Enfin, on pouvait lire ceci dans le budget de 2018 : « Afin d’obtenir des données plus inclusives sur les sexes et les genres, les fonctionnaires de Statistique Canada collaborent avec les organisations LGBTQ2 en vue d’ajuster les questions et les choix de réponses du Recensement de la population pour mieux tenir compte de la façon dont les gens s’identifient, par exemple, en permettant aux répondants de répondre de manière non binaire. Ce choix fournira des renseignements essentiels pour comprendre les besoins des Canadiens LGBTQ2 et y répondre. »

Le budget de 2018 a également accordé des fonds à Statistique Canada pour créer un nouvel organisme, le Centre des statistiques sur le genre, la diversité et l’inclusion, chargé de mettre en œuvre un carrefour de données pour l’analyse comparative entre les sexes plus (ACS+) pour appuyer l’élaboration de politiques et de processus décisionnels fondés sur des données probantes tant au sein du gouvernement fédéral qu’à l’extérieur.

Au cours des dernières années, les provinces et les territoires du Canada ont aussi apporté des modifications pour permettre aux citoyens et citoyennes de changer la mention du sexe sur certains documents officiels, comme l’acte de naissance.

3. Contexte international

En tenant compte du contexte national, Statistique Canada déploie tous les efforts possibles pour respecter les recommandations de la Commission économique pour l’Europe des Nations Unies (CEE-ONU) en ce qui concerne les recensements. Il agit comme intervenant clé au sein des groupes de travail qui examinent régulièrement ces recommandations.

À l’heure actuelle, il n’existe aucune norme internationale officielle en ce qui concerne l’identité ou l’expression de genre. Cependant, certains organismes nationaux de statistique ont commencé à élaborer des outils et des méthodes de collecte pour mesurer le genre.

En 2019, à la demande de la Conférence des statisticiens européens de la CEE-ONU, Statistique Canada, avec l’appui de l’Office for National Statistics du Royaume-Uni, a mené un Examen approfondi de la mesure de l’identité de genre dans lequel les questions et les défis concernant la mesure de l’identité de genre sont résumés. Statistique Canada continue de collaborer étroitement avec ses partenaires internationaux afin de créer des normes internationales sur le sexe et le genre, en plus de formuler des recommandations en ce qui concerne la manière de mesurer ces variables dans les recensements, les enquêtes et les dossiers administratifs.

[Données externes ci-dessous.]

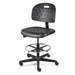 Breva Tall Height Black Polyurethane Chair, Black Nylon Base with Adjustable Footring, Hard Floor Casters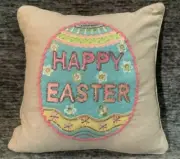 Pier 1 Imports 14" x 14" Beaded Embroidered Applique Pillow Happy Easter Egg NWT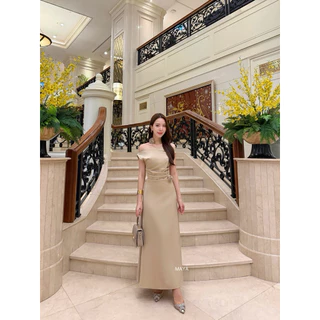 G135 สีน้ำตาลไหม้ มาใหม่ ชุดเดรสปาดไหล่ออกงาน ชุดเพื่อนเจ้าสาว s-2xl สะโพกฟรี มีดอกไม้ผูกให้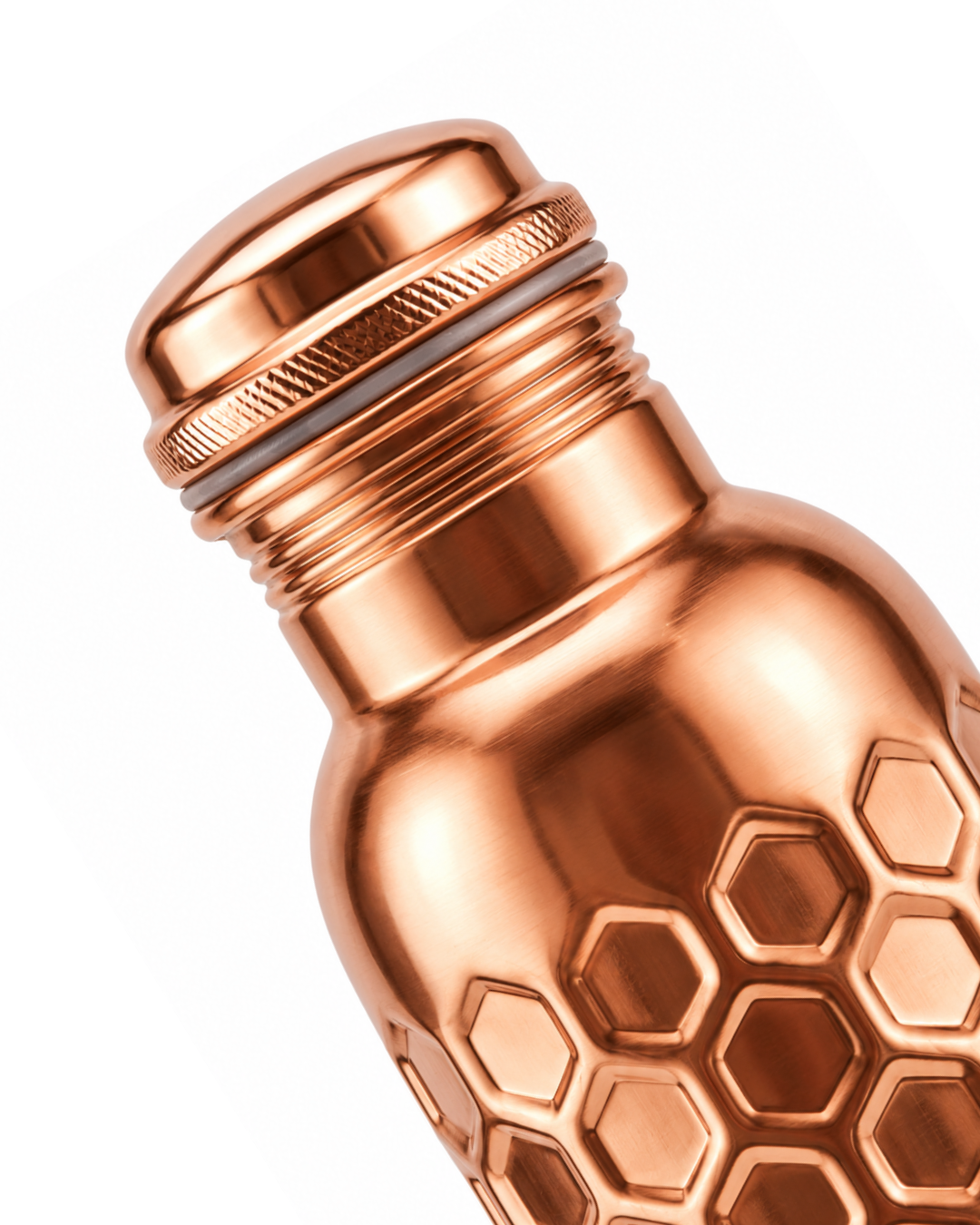 Premium Pure Copper Water Bottle 900ml with Honeycomb Hammered Design – Leak-Proof Ayurveda Health Flask for Wellness, Yoga, and Daily Hydration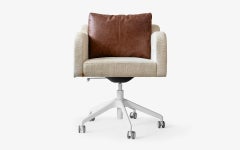 Papillonne Swivel Wheeled White Office Chair with Real Brown Leather Pillow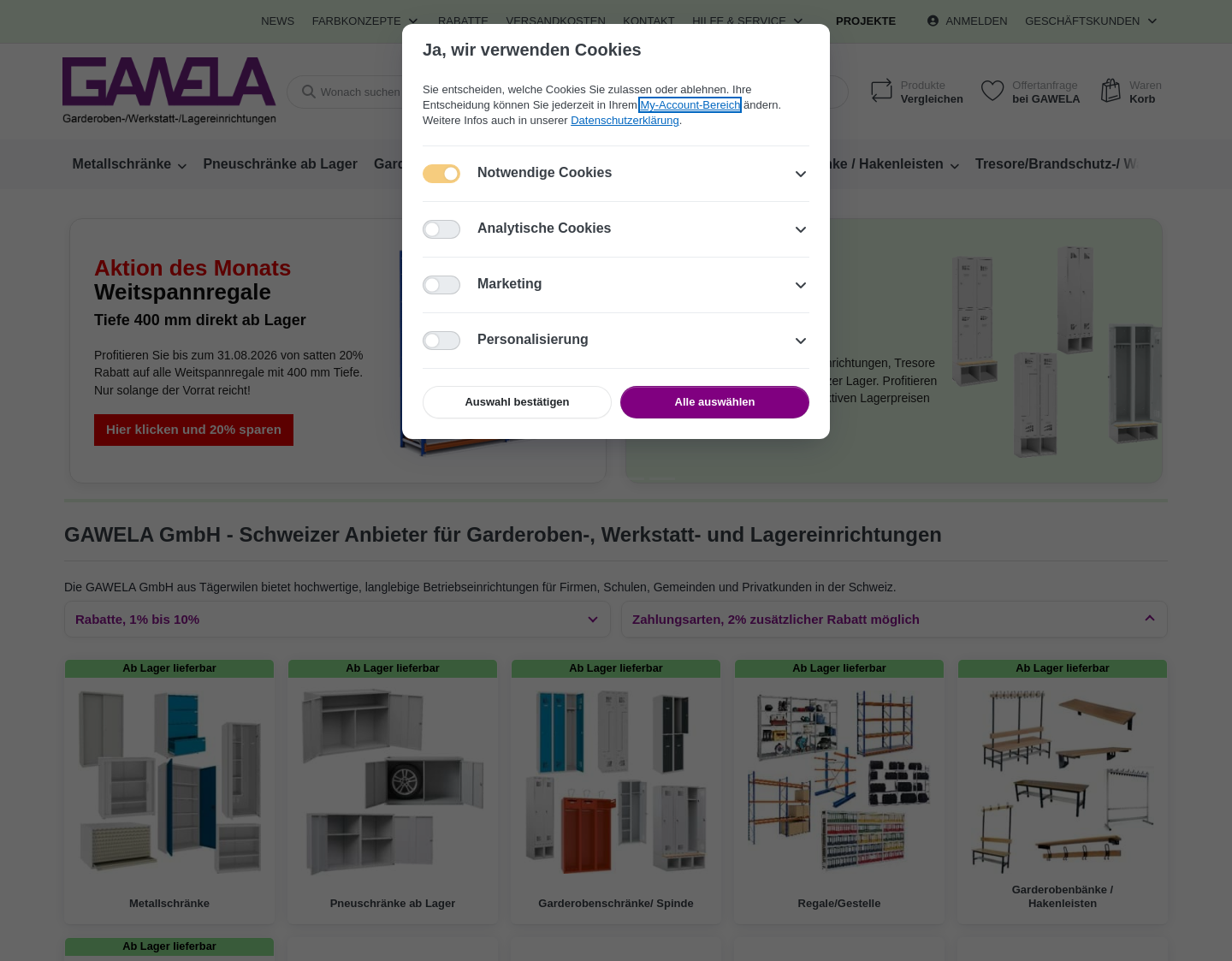 Aktuelle Website-Vorschau von Metallschrankspezialist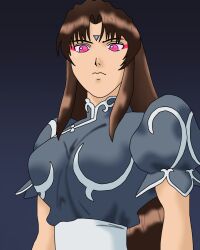 blue_background brown_hair capcom chun-li chunlimc expressionless eyeshadow femsub gradient_background long_hair looking_at_viewer makeup microchip pink_eyes simple_background standing street_fighter street_fighter_ii_v tech_control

4. Lacunes statistiques actuelles

À l’heure actuelle, il existe très peu de renseignements statistiques sur la communauté transgenre, y compris la population non binaire, au Canada. La plupart de ces statistiques sont tirées d’études universitaires réalisées dans des domaines particuliers (comme la santé) et elles ne peuvent être facilement désagrégées selon des caractéristiques sociodémographiques ou des régions géographiques.

Le manque de données sur les minorités de genre est perçu par de nombreux spécialistes — comme ceux du Williams Institute aux États-Unis et des universitaires au Canada — comme une limite qui nuit à la compréhension des expériences de cette population par les gouvernements, les organisations non gouvernementales et les chercheurs. Sans données sur cette population, il est difficile pour les gouvernements, les prestataires de service et d’autres institutions de créer des programmes et des politiques qui tiennent compte des préoccupations et des besoins de cette communautéNote 1.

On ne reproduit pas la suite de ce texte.